Thursday, February 28, 2008

DEMOCRACY IS BEING BORN AGAIN IN KENYA

Good news for the Kenyan people.The people have won! The PNU Government and ODM have Agreed to Share Power.

Mr. Mwai Kibaki and Mr. Raila Odinga signed a power-sharing agreement the reports said. The agreement creates the post of PM who will have executive powers, former United Nations Secretary-General Kofi Annan said at the signing ceremony in Nairobi. Talks will continue tomorrow on issues such as land, poverty and constitutional reform, he said. ``Today we have reached an important staging post, but the journey is far from over,'' he said. ``The real challenge is for President Kibaki and the honorable Raila Odinga to work together to heal and reconcile this nation.'' More than 1,000 have died and an estimated 600,000 people have been forced to flee their homes since the violence erupted after a Dec. 27 disputed election.

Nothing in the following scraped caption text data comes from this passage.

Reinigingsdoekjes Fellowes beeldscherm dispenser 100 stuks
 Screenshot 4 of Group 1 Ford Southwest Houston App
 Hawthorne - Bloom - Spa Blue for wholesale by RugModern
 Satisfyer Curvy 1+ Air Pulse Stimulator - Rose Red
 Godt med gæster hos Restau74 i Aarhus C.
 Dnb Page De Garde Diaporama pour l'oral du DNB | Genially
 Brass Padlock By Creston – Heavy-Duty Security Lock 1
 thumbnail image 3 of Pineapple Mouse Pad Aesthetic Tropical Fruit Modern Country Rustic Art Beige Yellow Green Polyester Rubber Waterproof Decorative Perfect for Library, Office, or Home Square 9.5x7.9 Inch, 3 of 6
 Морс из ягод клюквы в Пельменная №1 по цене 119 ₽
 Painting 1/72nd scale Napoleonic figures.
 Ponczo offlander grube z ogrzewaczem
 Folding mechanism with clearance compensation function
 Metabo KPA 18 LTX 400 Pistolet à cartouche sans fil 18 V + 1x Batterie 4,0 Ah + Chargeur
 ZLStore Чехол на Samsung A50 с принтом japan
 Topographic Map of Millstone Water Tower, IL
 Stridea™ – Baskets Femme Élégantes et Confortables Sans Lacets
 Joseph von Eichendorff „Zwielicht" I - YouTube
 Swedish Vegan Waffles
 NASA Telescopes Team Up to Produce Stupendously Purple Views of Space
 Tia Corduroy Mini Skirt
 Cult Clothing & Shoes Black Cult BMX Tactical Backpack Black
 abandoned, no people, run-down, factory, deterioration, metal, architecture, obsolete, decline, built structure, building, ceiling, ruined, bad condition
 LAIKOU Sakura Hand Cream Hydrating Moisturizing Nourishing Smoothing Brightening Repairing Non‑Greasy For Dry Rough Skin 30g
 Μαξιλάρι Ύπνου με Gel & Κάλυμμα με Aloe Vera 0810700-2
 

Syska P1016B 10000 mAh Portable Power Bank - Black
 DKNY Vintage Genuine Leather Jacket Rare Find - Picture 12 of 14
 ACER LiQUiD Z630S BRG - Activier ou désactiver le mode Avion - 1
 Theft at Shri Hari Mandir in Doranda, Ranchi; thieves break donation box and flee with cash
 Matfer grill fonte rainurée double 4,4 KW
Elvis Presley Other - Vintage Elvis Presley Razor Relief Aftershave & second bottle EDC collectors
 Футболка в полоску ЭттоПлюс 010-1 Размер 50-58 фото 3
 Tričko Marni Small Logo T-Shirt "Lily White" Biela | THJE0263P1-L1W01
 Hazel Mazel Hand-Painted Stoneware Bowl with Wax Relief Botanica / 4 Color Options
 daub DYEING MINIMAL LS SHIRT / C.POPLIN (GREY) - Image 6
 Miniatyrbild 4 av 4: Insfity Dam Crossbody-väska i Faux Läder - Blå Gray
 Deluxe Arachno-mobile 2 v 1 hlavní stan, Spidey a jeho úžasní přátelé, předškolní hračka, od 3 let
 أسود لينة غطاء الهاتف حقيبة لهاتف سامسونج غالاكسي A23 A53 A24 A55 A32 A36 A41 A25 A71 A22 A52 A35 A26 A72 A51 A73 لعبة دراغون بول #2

The success of the accord will depend on laws passed in Parliament to implement it, the reports said.``The constitutional amendments will dictate exactly who does what, what the prime minister can do precisely, because right now all we have are principles,'' said the reports. ``Until we have practical answers, we're in a situation in which a small incident can escalate into a large-scale confrontation.''

Under today's agreement, the prime minister will be chosen by the largest party in Parliament, Annan said. That is Odinga's ODM, which won 99 seats in the 222-member assembly. The prime minister and two deputies will be included in the cabinet, he said. ``What this agreement now represents is a distribution of seats, but what is needed is a sustainable end to the crisis,'' Grignon of ICG said in a telephone interview from Nairobi. ``Unless we have a clear program of government, this power- sharing won't hold.'' Parliament will meet on March 6 to begin considering legislation to implement the accord, known as the National Accord and Reconciliation Act, Kibaki said. Both Kibaki and Odinga said at the ceremony that they were committed to making the agreement a success. ``We have began a journey and this journey we will walk together,'' Odinga was reported to have said. ``I can see light at the end of the tunnel.'' Annan led efforts to mediate in the dispute between the two sides with a team that included former Tanzanian President Benjamin Mkapa and Graca Machel, the wife of South Africa's first black president, Nelson Mandela. ``This process has reminded us that as a nation, there are more issues that unite us instead of divide us,'' Kibaki said. Long live kenya!